Subscription performance

Hi everyone…

I have a Mongodb collection that has been growing steadily, currently around 20,000 items. In one of the access scenarios, a publication used with a specific subscription search criteria has started to gradually show response time degradation (around 5 seconds now) but only the first time a client subscribes with that criteria (i.e…, reuse is clearly in effect, since subsequent subscriptions from other clients have sub-second response).

The collection has the following relevant characteristics:

  • About 20,000 items
  • Mongo indexed on a boolean field { act:1} - in 99% of the items act is true - and on a date field {requestDate:1}.

The subscription has the following syntax:
return Requests.find({act:true},{fields:{…},limit:lmt, sort:{requestDate:-1}})

where lmt is set to 25, but can increment by 25 in subsequent subscriptions (if subscribing again with lmt set to 50, 75, etc. - used to show more items join a page when requested by the user) response is sub-second.

Mongodb response has no issue (same query from mongo shell is instant). During the subscription time (before data is received on client), node cpu spikes to close to 100%, then settles down to normal state (between 5 and 15%). Memory does not appear to be constrained. Side of each returned item, is less than 100 chars in average

Any ideas of what may be happening?

I think I remember some comment from @arunoda somewhere about chocking cpu due to retrieving mongo data for publishing in some cases, but don’t remember where…

Pretty please, someone? :smiley:

I thought someone else, and with more specific knowledge than I, would reply soon enough that I shouldn’t post my potentially not very useful thoughts. But seems not, so here we go:

Are you using Oplog tailing on that instance or not? (I think when you run an app through the meteor tool it does use oplog.)
I’m asking because I also, a long time ago, had read something about oplog and specific cases where that leads to problems, and I very vaguely remember something about limit (and sort) in there, too.
Oh, actually, now that I say that: Could it just be about the sort modifier?

The behavior that you’re describing shows that node is doing a bunch of work, at least the first time this subscription is requested. So that means it’s processing something CPU-bound, so it is probably doing something like sorting or comparing or in some other way preparing the (large number of) (potential) results to send back to the client.

And so some of the things to do in order to learn about what’s happening here are: oplog on/off, tweaking the selector, tweaking sort & limit.
The selector might be an issue because you’d usually not expect an index to be so imbalanced (99% true), so it’s like fetching all the items anyway. I think this is probably not a problem, but I could imagine it being one.

Does that give you any ideas for what to try?

Also, there’s always the option of running a node profiler. I haven’t had the need to do that so far so I can’t give any hints as to how to get started with that, but it shouldn’t be too hard and it would definitely give you a lot of insight into what is actually happening during that subscription at runtime!

Thanks for the reply, @seeekr . Points you noted have been through my own thought processes (did not mention any suspicions so not to bias anyone). Clarifying you question: Yes, am using Oplog tailing from a 2-node + arbiter Mongodb replica set.
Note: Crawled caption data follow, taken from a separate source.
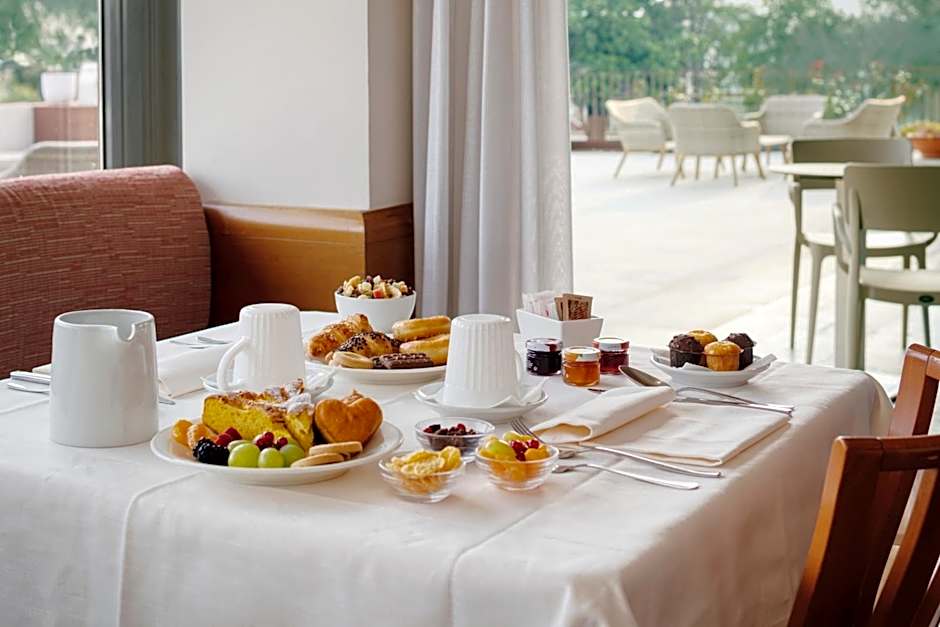 Hotel Carlton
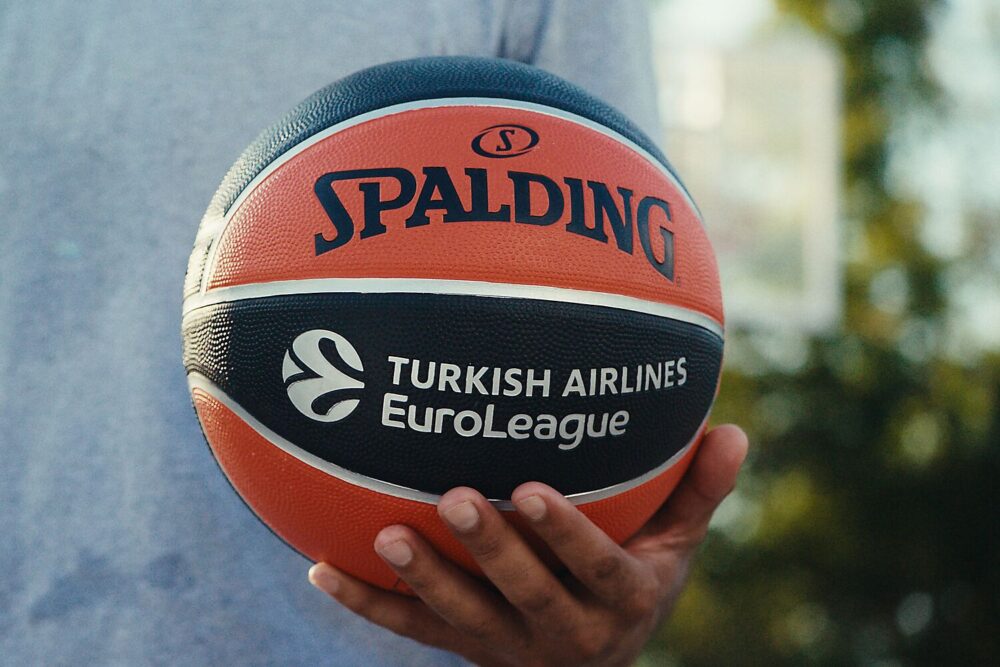 84506Z_Varsity TF-150 EuroLeague_Lifestyle 3.jpg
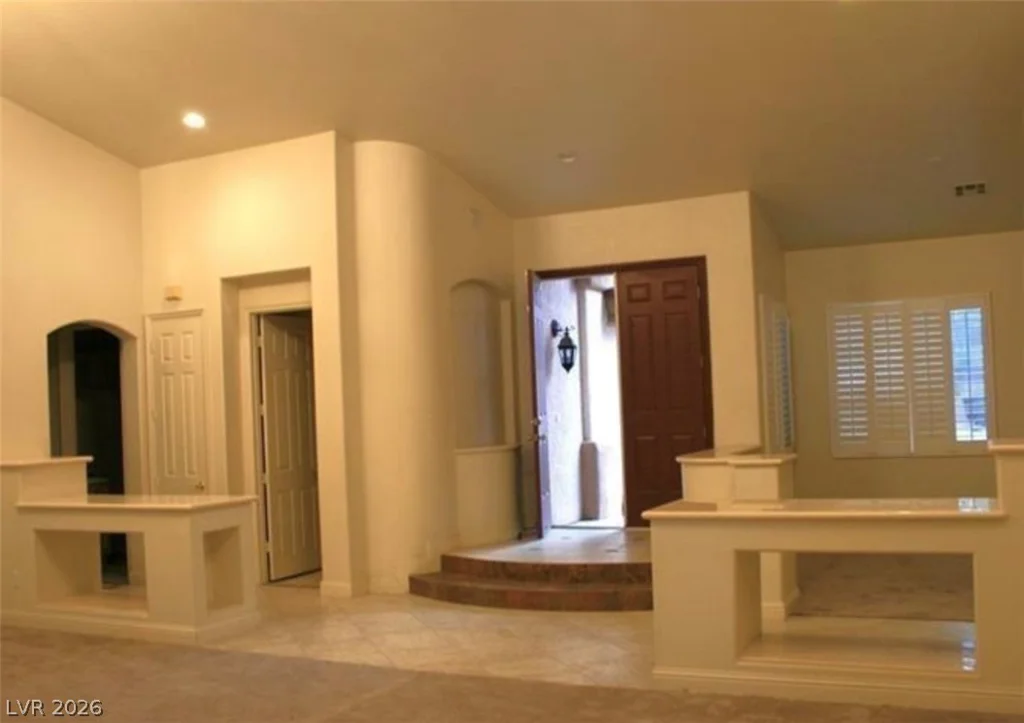 5718 San Florentine, Las Vegas, NV 89141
I thought about sort, but can’t see why that could be an issue, since the same db query from Mongo shell resolves it immediately (as it should since the sort key is an index and shows up as being used on a mongo cursor .explain() output.

I also considered dropping the act index, but can’t see how it could have any effect…

Would Meteor server drop the limit option when querying Mongodb and as such cause a large number of items to be retrieved from the db? Maybe, but I can’t think why it should do that. Maybe someone knowing Meteor’s guts in this area could comment?

Puzzling…

Doh! Solved it.

It had nothing to do with that specific publication, but it was caused by a Counts.publish of the total number of items found (using tmeasday:publish-counts pkg), a few statement back. That previous sub was retrieving the _id for all items satisfying the criteria. publish-counts does not scale very well…

I’m attempting to address the situation with a combination of making the publish-counts pub non-reactive when cursor.count() > 1,000 items (not ideal but can does not impact usability, just consistency) and wrapping the Counts.publish call in a Meteor.defer() so that the main pub returns immediately…

If anyone can think of a better approach, I’m all ears.

2 Likes

have a look at this package : https://github.com/nate-strauser/meteor-publish-performant-counts

1 Like